■ DATA SECTION
Start of Block
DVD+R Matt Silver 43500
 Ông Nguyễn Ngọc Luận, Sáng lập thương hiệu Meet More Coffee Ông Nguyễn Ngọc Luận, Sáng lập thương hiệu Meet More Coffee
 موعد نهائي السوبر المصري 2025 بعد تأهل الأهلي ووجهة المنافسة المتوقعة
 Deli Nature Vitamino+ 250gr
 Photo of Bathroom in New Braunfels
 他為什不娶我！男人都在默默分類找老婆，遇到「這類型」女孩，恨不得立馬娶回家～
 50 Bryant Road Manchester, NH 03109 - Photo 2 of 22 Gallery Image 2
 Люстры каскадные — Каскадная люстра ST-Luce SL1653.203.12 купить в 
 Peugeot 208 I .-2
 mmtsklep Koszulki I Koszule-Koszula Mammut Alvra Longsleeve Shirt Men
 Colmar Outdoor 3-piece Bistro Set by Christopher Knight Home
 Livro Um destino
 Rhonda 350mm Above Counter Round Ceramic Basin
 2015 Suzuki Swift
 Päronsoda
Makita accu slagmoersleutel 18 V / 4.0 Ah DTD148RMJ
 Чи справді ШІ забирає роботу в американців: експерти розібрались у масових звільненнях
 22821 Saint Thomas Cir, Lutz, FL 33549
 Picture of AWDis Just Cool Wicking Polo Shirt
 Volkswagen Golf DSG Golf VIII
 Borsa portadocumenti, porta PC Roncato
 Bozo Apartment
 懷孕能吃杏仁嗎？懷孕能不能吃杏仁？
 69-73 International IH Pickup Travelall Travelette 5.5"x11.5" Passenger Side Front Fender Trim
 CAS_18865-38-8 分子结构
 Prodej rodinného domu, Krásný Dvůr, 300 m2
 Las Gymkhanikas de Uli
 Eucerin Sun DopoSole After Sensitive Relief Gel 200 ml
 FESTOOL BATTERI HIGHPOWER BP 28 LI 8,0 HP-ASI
End of Block
■ WHAT YOU HAVE TO DO
Starting at the first entry and ending at the last, reproduce each one exactly.

■ TASK RESPONSE
DVD+R Matt Silver 43500
 Ông Nguyễn Ngọc Luận, Sáng lập thương hiệu Meet More Coffee Ông Nguyễn Ngọc Luận, Sáng lập thương hiệu Meet More Coffee
 موعد نهائي السوبر المصري 2025 بعد تأهل الأهلي ووجهة المنافسة المتوقعة
 Deli Nature Vitamino+ 250gr
 Photo of Bathroom in New Braunfels
 他為什不娶我！男人都在默默分類找老婆，遇到「這類型」女孩，恨不得立馬娶回家～
 50 Bryant Road Manchester, NH 03109 - Photo 2 of 22 Gallery Image 2
 Люстры каскадные — Каскадная люстра ST-Luce SL1653.203.12 купить в 
 Peugeot 208 I .-2
 mmtsklep Koszulki I Koszule-Koszula Mammut Alvra Longsleeve Shirt Men
 Colmar Outdoor 3-piece Bistro Set by Christopher Knight Home
 Livro Um destino
 Rhonda 350mm Above Counter Round Ceramic Basin
 2015 Suzuki Swift
 Päronsoda
Makita accu slagmoersleutel 18 V / 4.0 Ah DTD148RMJ
 Чи справді ШІ забирає роботу в американців: експерти розібрались у масових звільненнях
 22821 Saint Thomas Cir, Lutz, FL 33549
 Picture of AWDis Just Cool Wicking Polo Shirt
 Volkswagen Golf DSG Golf VIII
 Borsa portadocumenti, porta PC Roncato
 Bozo Apartment
 懷孕能吃杏仁嗎？懷孕能不能吃杏仁？
 69-73 International IH Pickup Travelall Travelette 5.5"x11.5" Passenger Side Front Fender Trim
 CAS_18865-38-8 分子结构
 Prodej rodinného domu, Krásný Dvůr, 300 m2
 Las Gymkhanikas de Uli
 Eucerin Sun DopoSole After Sensitive Relief Gel 200 ml
 FESTOOL BATTERI HIGHPOWER BP 28 LI 8,0 HP-ASI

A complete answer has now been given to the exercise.